Hundreds of estate agents have gone out of business in the UK in the last year and 7,000 are showing signs of financial distress as they face fewer sales and online competition, a new study has found.

Overall some 27% of traditional High Street estate agents are struggling to survive and one of the main reasons is a long term decline in property sales although the also face competition from more cost effective online businesses.

Even larger estate agents are not immune, according to the report from accountants Moore Stephens. It points out that London estate agent Foxtons reported a 15% drop to £24.5 million in revenue in the first quarter of 2018 from the same period last year while shares in the UK’s largest estate agent Countrywide fell 25% in one day in late June, after it issued its second profit warning of the year.

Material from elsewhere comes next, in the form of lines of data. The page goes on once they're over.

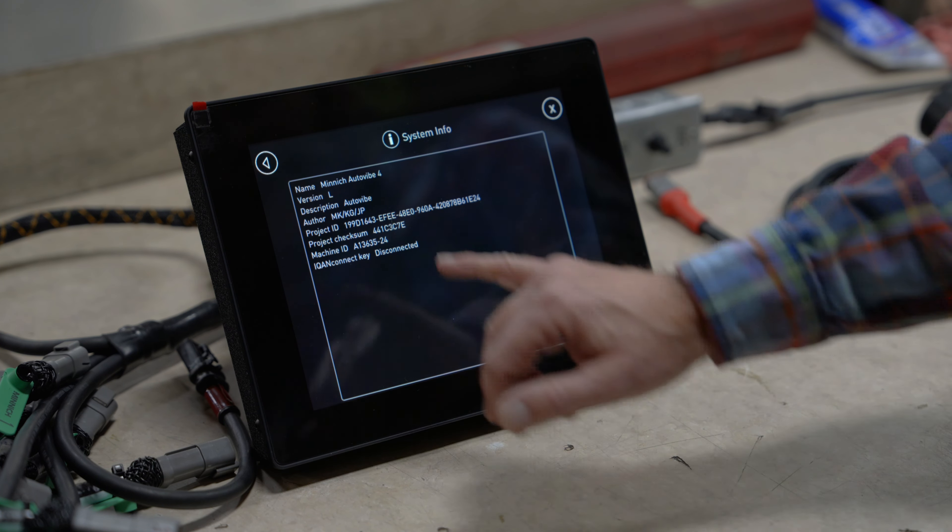We're going to demonstrate here on the new L version software on the monitoring system the ease of troubleshooting when a sensor goes bad.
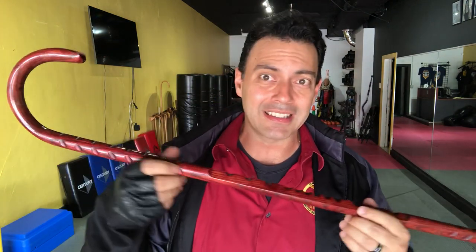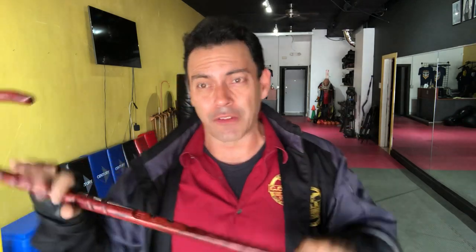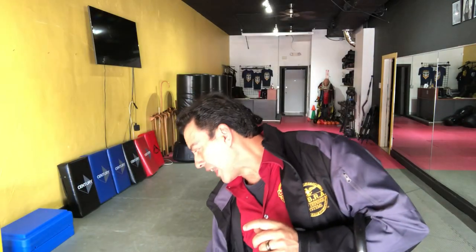This is the Ferrari of combat cane spinning canes. This is a crimson spinner — one of our Robina, an ACSD cane. We love it. Super light, and if you're into spinning this is the way to go. But look at this — this is ash. This is not what I want for self-defense or reliability in that role.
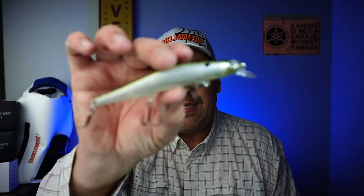Hey guys, welcome back to the channel. If you're new to the channel, I am Steve Chapman. Today you and I are going to take a closer look at the Thunderhawk Lures Slash.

It also points out that the online estate agents market is growing, with firms like Hatched and Yopa further increasing pressure on the profit margins of High Street rivals. One of the issues is that traditional estate agents often have higher staff and property costs than online only firms, meaning they can struggle to compete with the low commission rates of online services.

The study warns that Government plans to ban letting fees charged to tenants may narrow the profit margins of some estate agents even more, as fees from tenants currently contribute significantly to the bottom line. Chancellor Philip Hammond announced the ban in the Autumn Statement 2016, but the Government now expects the bill to be passed in the spring of 2019.

The extra stamp duty surcharge of 3% of the value of a buy to let home introduced in April 2016 could also be contributing to problems for estate agents, with some buy to let investors choosing not to add to their portfolios. Sales volumes appear to be in decline, with the number of property sales in London alone falling 20% from 2014 to 2017, and the number of property sales UK wide falling 1% in just the last year.

‘Insolvencies of high street estate agent are increasing as online competitors continue to chip away at their sales and undermine commission rates. With the ban on letting fees stated to come into force in 2019, estate agents will struggle to pass those fees onto landlords,’ said Chris Marsden, restructuring partner at Moore Stephens.

‘Some areas in the UK are appear to have an excess capacity of estate agents, which could mean there is not enough business to spread around as property transactions stagnate. Estate agents with a traditional model may have to look at whether they can reduce overheads and review their service offering to effectively compete in the current market,’ he added.

According to Russell Quirk, chief executive officer of hybrid estate agent Emoov, those failing to adapt to using evolving technology will struggle as consumers want greater convenience, better value and a higher level of customer service.

‘While there will always be space in the market for a good, customer focussed High Street agent, there are far too many operating in the same area, with the same outdated practices, and until they do decide evolve their proposition, this decline will only get worse,’ he said.